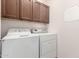 Functional laundry area with washer, dryer, and overhead cabinets for storage at 16448 W Tether Trl, Surprise, AZ 85387
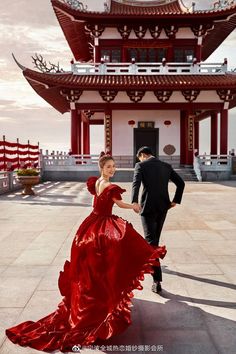 a woman in a red dress walking next to a man in a black suit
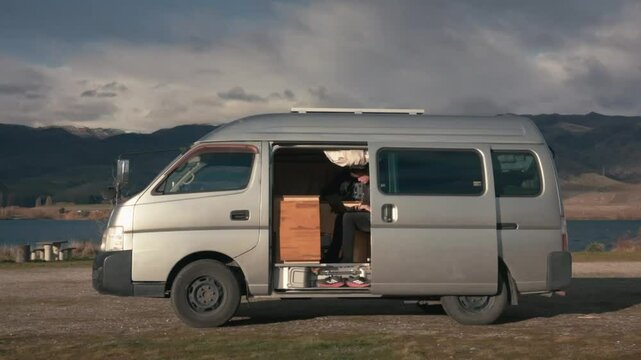Side view of a nomadic man working on a laptop in his van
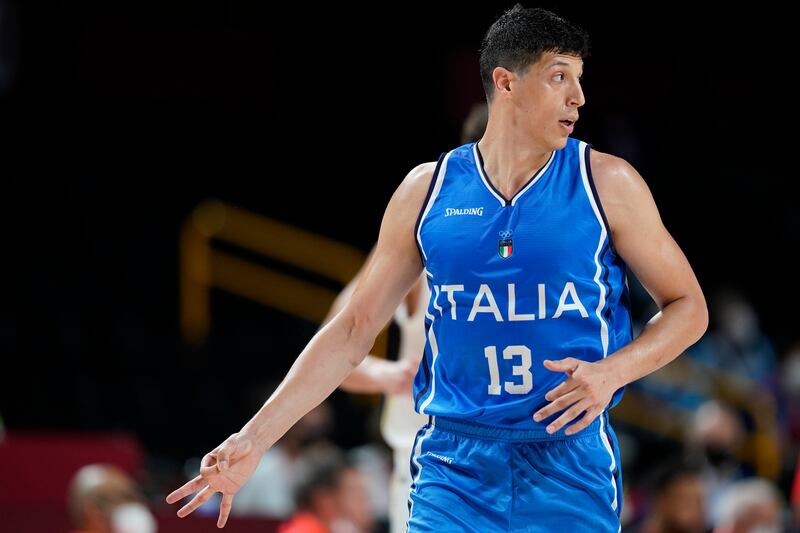 Italy’s Simone Fontecchio celebrates after making a 3-point basket during a men’s basketball preliminary round game at the 2020 Summer Olympics, Sunday, July 25, 2021, in Saitama, Japan.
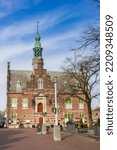 Small photo of PURMEREND, NETHERLANDS - MARCH 31, 2021: Cheese market square with old town hall in Purmerend, Nether;ands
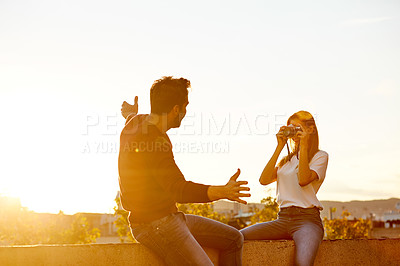 Buy stock photo Shot of a couple taking pictures while out on a date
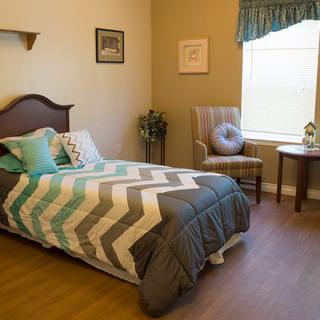 A cozy bedroom with a chevron-patterned bedspread, a chair by the window, and decorative elements.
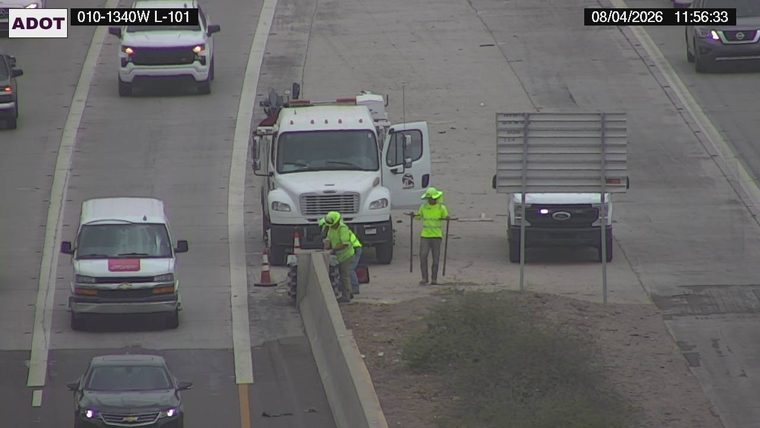 Two workers in high-visibility vests and hard hats near a white truck on the right shoulder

## Task goal
Only the lines from the line with "a woman in a" through the end of the records belong in your copy. Repeat them exactly, without pictures.

## Response box
 a woman in a red dress walking next to a man in a black suit
Side view of a nomadic man working on a laptop in his van
 Italy’s Simone Fontecchio celebrates after making a 3-point basket during a men’s basketball preliminary round game at the 2020 Summer Olympics, Sunday, July 25, 2021, in Saitama, Japan.
 Small photo of PURMEREND, NETHERLANDS - MARCH 31, 2021: Cheese market square with old town hall in Purmerend, Nether;ands
 Buy stock photo Shot of a couple taking pictures while out on a date
 A cozy bedroom with a chevron-patterned bedspread, a chair by the window, and decorative elements.
 Two workers in high-visibility vests and hard hats near a white truck on the right shoulder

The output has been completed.